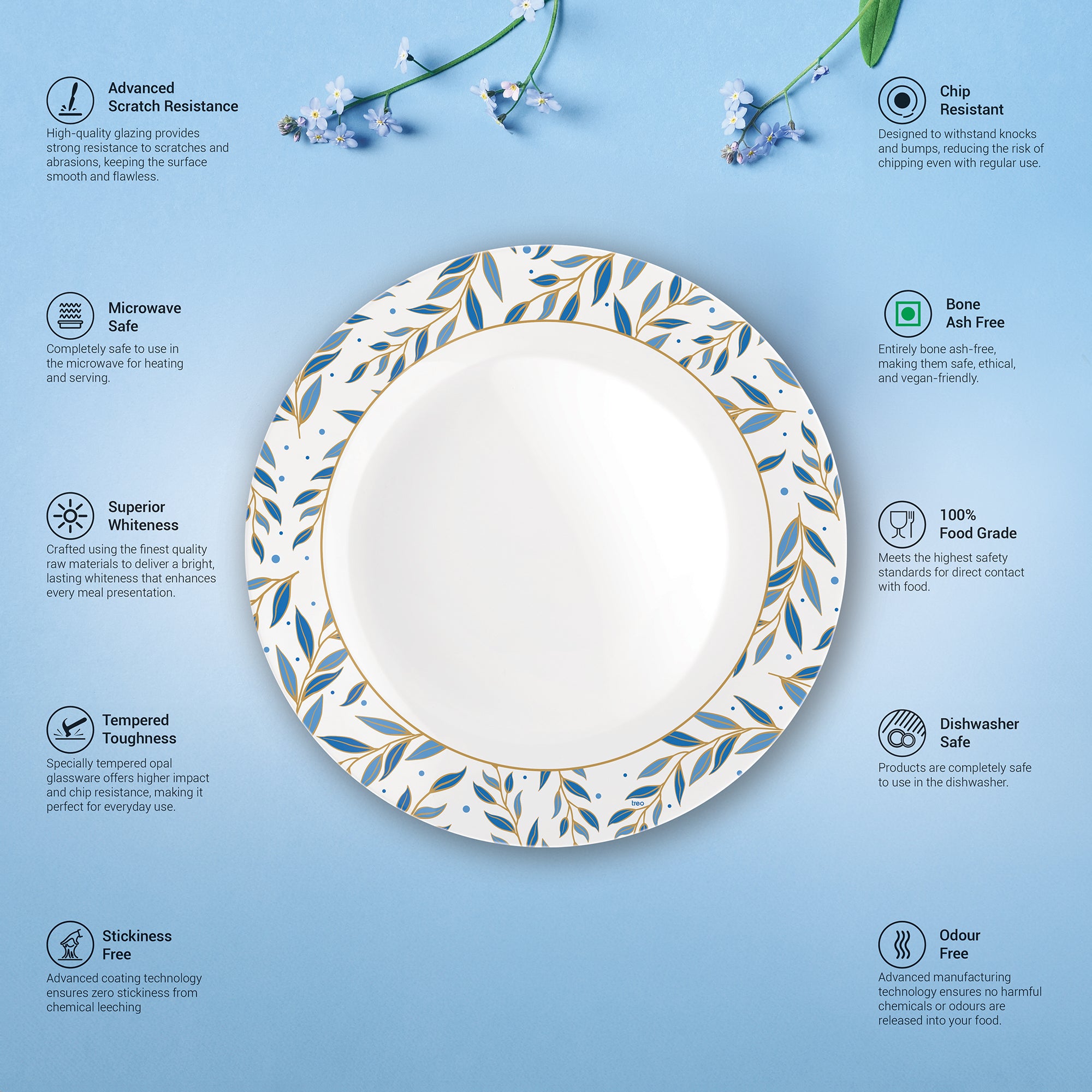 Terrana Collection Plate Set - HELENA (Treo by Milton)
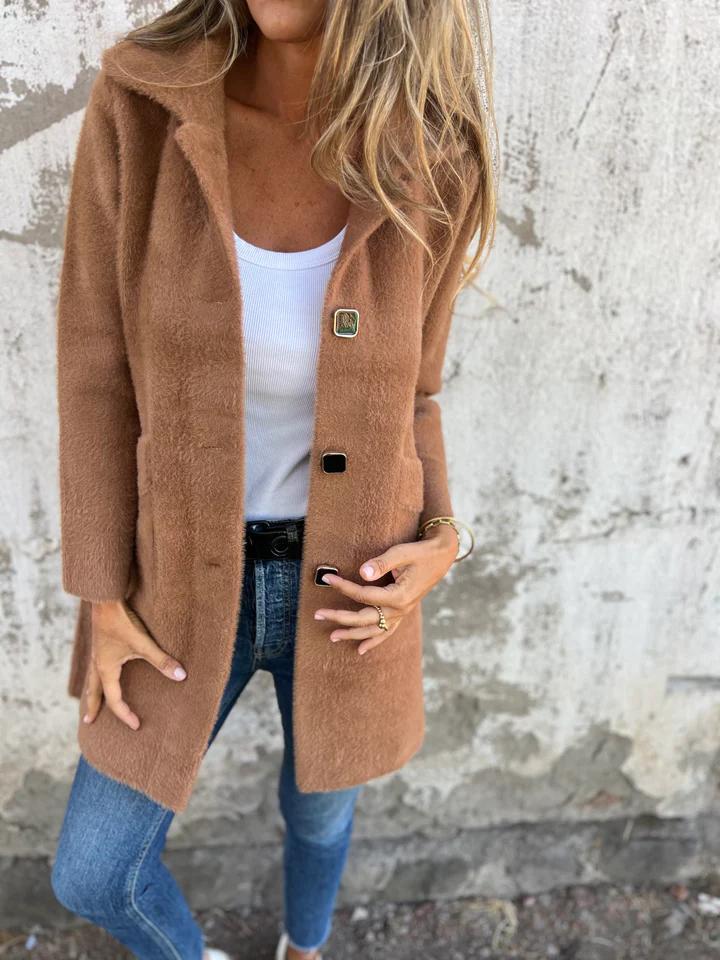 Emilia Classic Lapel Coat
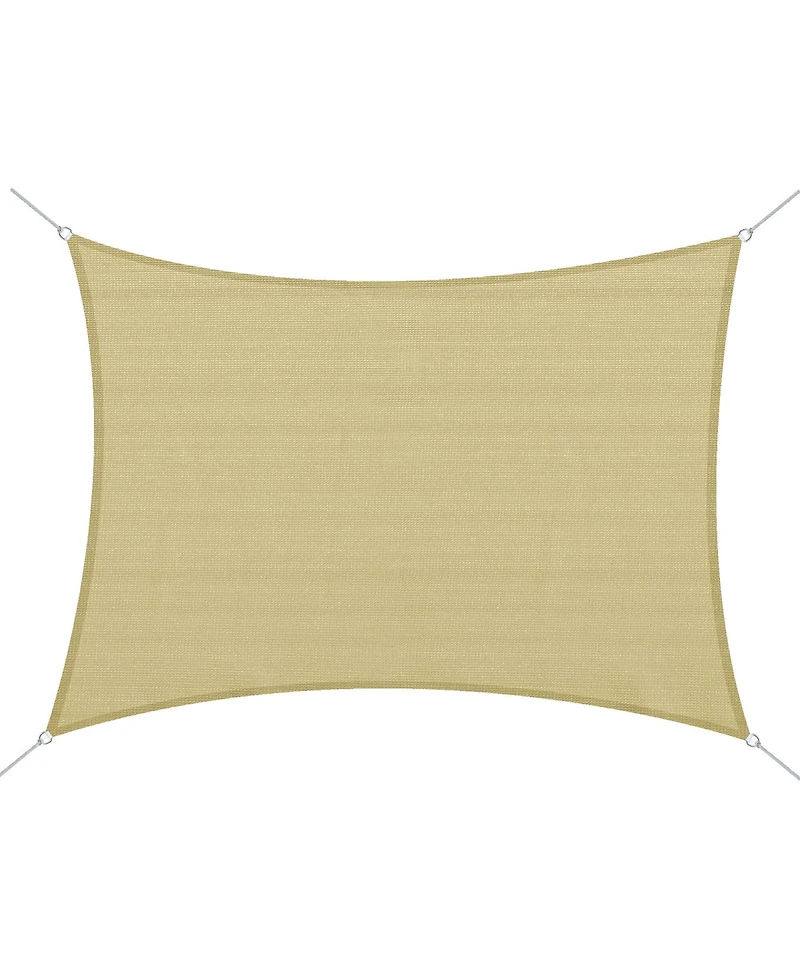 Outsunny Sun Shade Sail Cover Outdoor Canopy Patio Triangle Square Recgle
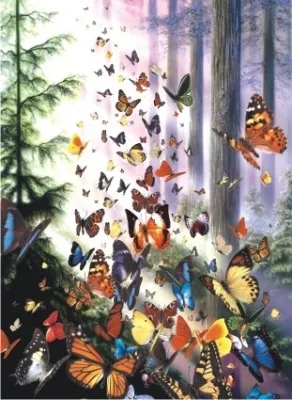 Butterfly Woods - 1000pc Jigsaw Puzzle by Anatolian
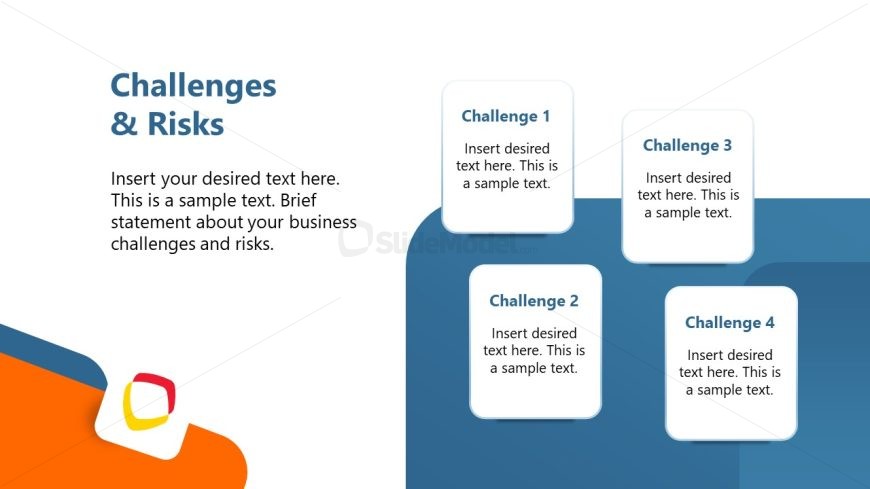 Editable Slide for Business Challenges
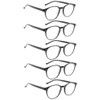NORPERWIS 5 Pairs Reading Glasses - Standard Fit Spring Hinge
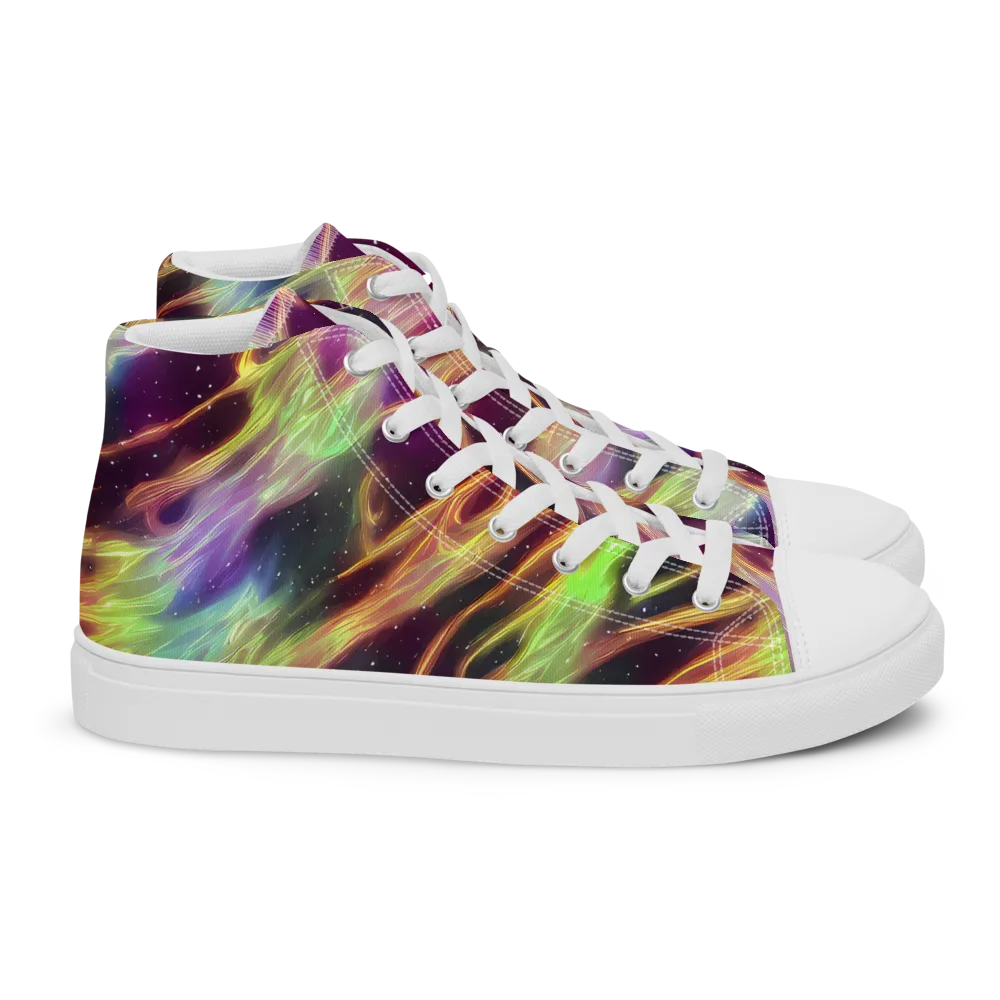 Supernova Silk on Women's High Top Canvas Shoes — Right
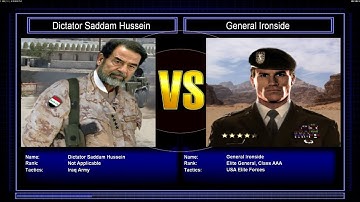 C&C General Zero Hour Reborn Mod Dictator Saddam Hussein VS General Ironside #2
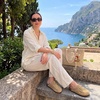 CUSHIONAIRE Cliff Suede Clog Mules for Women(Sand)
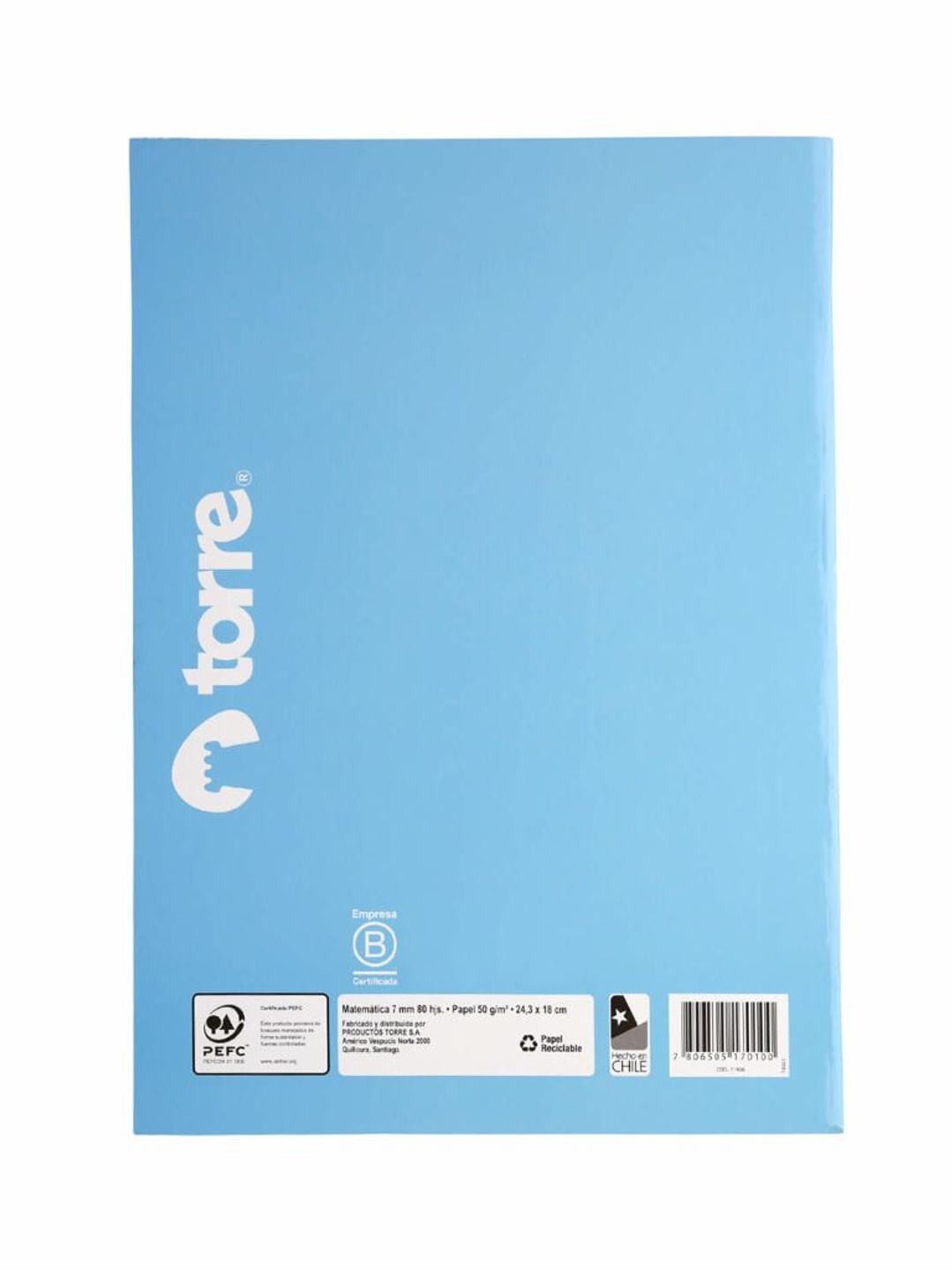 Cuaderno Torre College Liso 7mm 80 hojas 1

◆ ◆ ◆ ◆ ◆ ◆ ◆

▶ **REQUIRED WORK**
Beginning at the line that contains "NORPERWIS 5 Pairs", transcribe it and every later line through the last line of the data above, exactly, and drop the pictures.

▶ **EXERCISE RESULT**
NORPERWIS 5 Pairs Reading Glasses - Standard Fit Spring Hinge
 Supernova Silk on Women's High Top Canvas Shoes — Right
 C&C General Zero Hour Reborn Mod Dictator Saddam Hussein VS General Ironside #2
 CUSHIONAIRE Cliff Suede Clog Mules for Women(Sand)
 Cuaderno Torre College Liso 7mm 80 hojas 1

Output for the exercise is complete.